== Segment start ==
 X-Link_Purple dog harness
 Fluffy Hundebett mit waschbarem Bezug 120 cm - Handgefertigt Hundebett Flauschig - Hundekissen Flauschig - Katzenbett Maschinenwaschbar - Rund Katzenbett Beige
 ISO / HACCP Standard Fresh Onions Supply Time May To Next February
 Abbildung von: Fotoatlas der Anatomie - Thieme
== Segment end ==
== Segment start ==
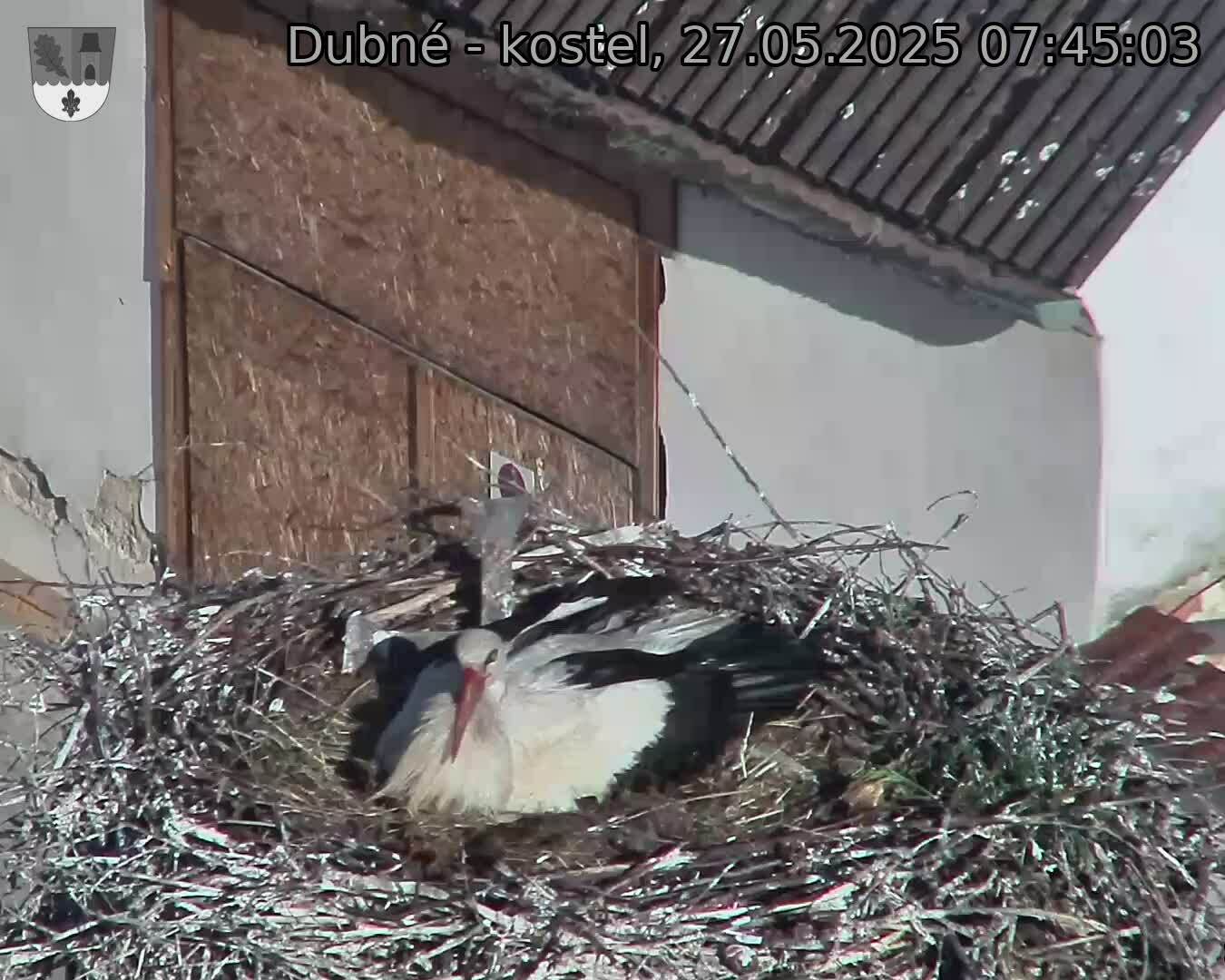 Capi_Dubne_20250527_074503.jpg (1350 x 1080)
== Segment end ==
• **DIRECTIONS**: From the entries above, print the lines beginning at the one with "X-Link_Purple dog harness" and stopping after the one with "Abbildung von: Fotoatlas", exactly as written and with nothing else.

• **ANSWER SPACE**:
 X-Link_Purple dog harness
 Fluffy Hundebett mit waschbarem Bezug 120 cm - Handgefertigt Hundebett Flauschig - Hundekissen Flauschig - Katzenbett Maschinenwaschbar - Rund Katzenbett Beige
 ISO / HACCP Standard Fresh Onions Supply Time May To Next February
 Abbildung von: Fotoatlas der Anatomie - Thieme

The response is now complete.